Na Paris de 1913, a première cênica de sua Sagração da Primavera, sob um visceral comando coreográfico de Vaslav Nijinsky,
embora não se tivesse afastado completamente dos esquemas e canones estruturais de composição, mesmo
assim causou escândalo por seus avanços modais, levando o público e a crítica a
um histérico protesto coletivo.
A partir de peças como Pierrot
Lunaire, de Schoenberg, o atonalismo começou a propor uma renovação integral, num radicalismo quase
agressivo que iria mudar bruscamente a poética musical vigente. Daí até a
eclosão da II Grande Guerra, o panorama criador ficaria dividido, além dos
dodecafônicos, entre os neoclássicos e os nacionalistas. Com diversidade de experiências
a partir da retomada de gêneros antigos, revalorizados por uma visão atual e
revolucionária.
No segundo segmento, as várias escolas do nacionalismo musical
dariam resultados oponentes, desde uma diferencial inovação sob bases do legado cultural
popular, no caso de Villa Lobos por
exemplo, ao conservadorismo ligado a uma estética romântica dentro do realismo
social soviético (em casos como o de A. Kachaturian
e D.Kabalewsky).
Nos anos do pós-guerra, a revolução musical foi mais longe e
a situação era, de certa maneira, caótica em sua diversidade. Com um excesso de
correntes musicais concorrendo com a indiferença do público e de uma crítica
mais conservadora, resistente à provocação das manifestações da vanguarda (estas
ainda como uma projeção dos horrores e da catástrofe do conflito mundial).
ALBAN BERG. Numa pintura, de 1910, por ARNOLD SCHOENBERG. |
Apareceria então a improvisação estilo free-jazz, seguida nos anos 50, pelo surgimento do rock, sustentado por energizados ritmos quase primitivos, levando sequencialmente à geração e ao gênero pop. Refletindo os anseios, a revolta e a postura contestadora através de canções curtas, tornando marcante duas manifestações da civilização tecnológica – a música como fenômeno de cultura de massa e de consumo imediato e a música como arte underground, no seu reflexo da contracultura.

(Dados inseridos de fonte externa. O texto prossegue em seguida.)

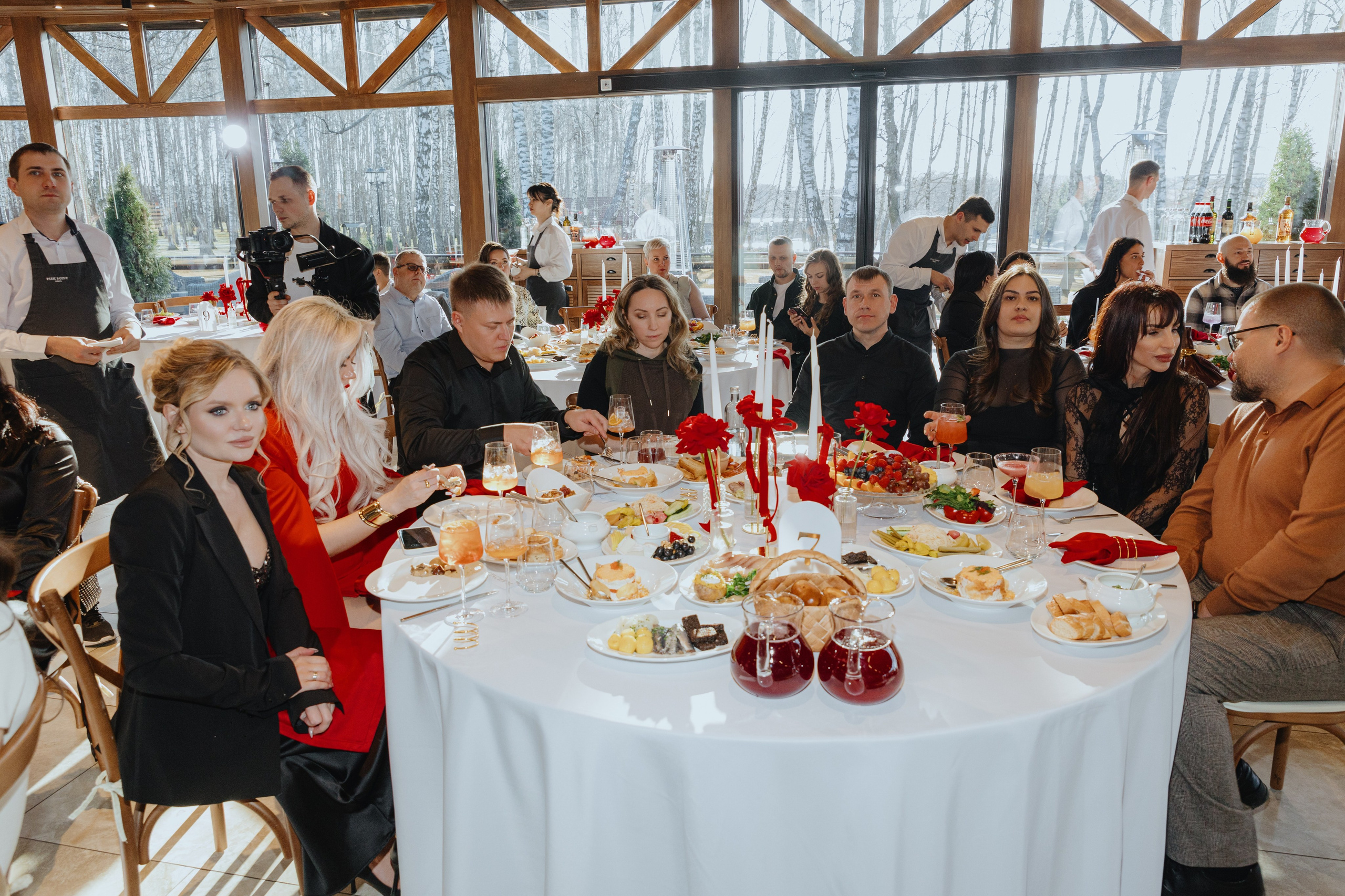 День Рождения Галины Сергеевны (Подольск). Фотограф в Москве и Санкт-Петербурге Дарина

De 1945 ao inicio do terceiro milênio, houve um explosivo dimensionamento
estético/musical repartido em tendências diversificadas que vão do
dodecafonismo e do neobarroco ao nacionalismo, passando por experimentos seriais,
pontilhistas, compósitos e politonais, a
extremos contrastantes entre o neo romantismo às sonoridades aleatórias,
concretas e eletroacústicas.
Algumas já iniciadas nas primeiras décadas do século XX,
outras surgidas no entremeio das duas Grandes Guerras e, finalmente, aquelas sequenciais da sua segunda metade aos nossos dias. Na riqueza deste panorama de invenção
e experimentalismo vem ocorrendo um fato de fácil constatação entre aqueles aos
quais chega essa incessante e inquieta movimentação musical.
Ora assustando as plateias, com o avanço das buscas investigativas
que, a partir daí, assumem uma preconceituosa atitude de repúdio a toda criação
que apareça sob o rótulo de vanguarda. Para tais espectadores, “o quarteto schoenberguiano irrita porque não
é capaz de provocar o reverie patético em que o ouvinte massificado se delicia
quando ouve (sem escutar) música, pois a práxis tecnológica só é capaz de
usufruir a arte em estado de nostalgia incurável”, afirma Theodor Adorno.

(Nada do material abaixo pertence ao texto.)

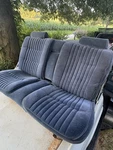 1980-1985 Cadillac Sedan Deville / Brougham Bench Seats Front Back. Fixed Price $700.00.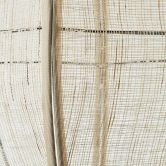 Pendelleuchte Paula, braun, 165 x 47 cm, Textil Pendelleuchte 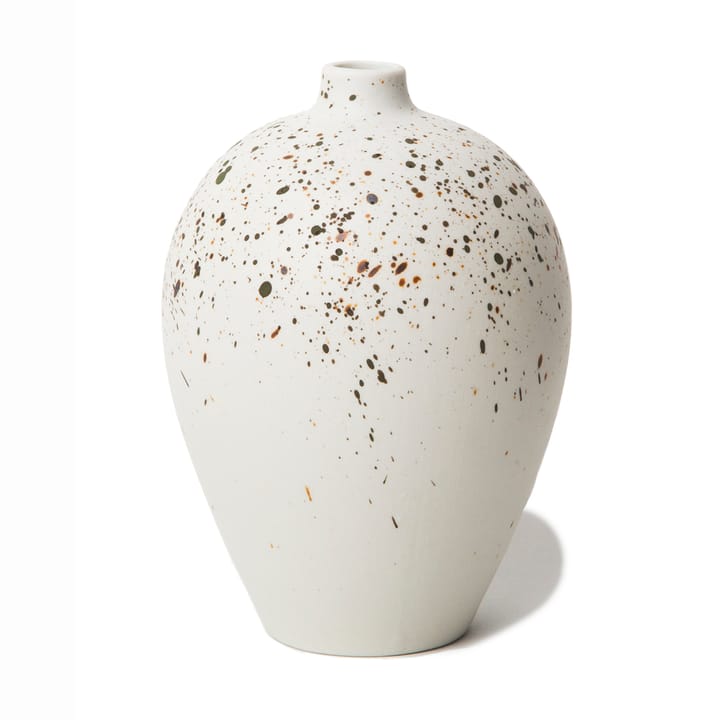 Ebba 花瓶 medium - Freckles melange matte - Lindform | リンドフォーム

A ordem musical, de repente, se viu alterada. E com a proposta da performance aleatória
haveria, assim, uma total e provocadora reformulação da chamada música de
concerto. Através da participação ativa não só na fruição mas se estendendo
mesmo à colaboração autoral, quase numa condição sine qua non da sua própria razão de existir.

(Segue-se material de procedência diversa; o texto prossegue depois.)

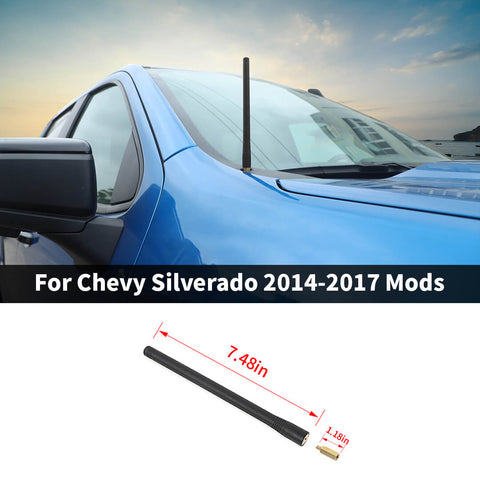 For Chevy Silverado/GMC/SIERRA Front Side Modified Antenna Accessories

O regente desceria do podium,
trono até então sagrado e inatingível, conclamando a plateia a compartilhar, em
pulsão coletiva, da execução. O espectador deixaria seu estado de acomodada contemplação
e de devaneio e, ao subir ao palco, dividindo ou tomando o lugar do maestro,
manipularia também os instrumentos acabando, em síntese, por completar a obra
musical, deixada propositalmente incompleta pelo compositor.
Assim se abriram as portas para a música concreta com
pesquisa e experimentação interativa de elementos sonoros, onde o ruído atingiria um papel privilegiado na elaboração final da “partitura”.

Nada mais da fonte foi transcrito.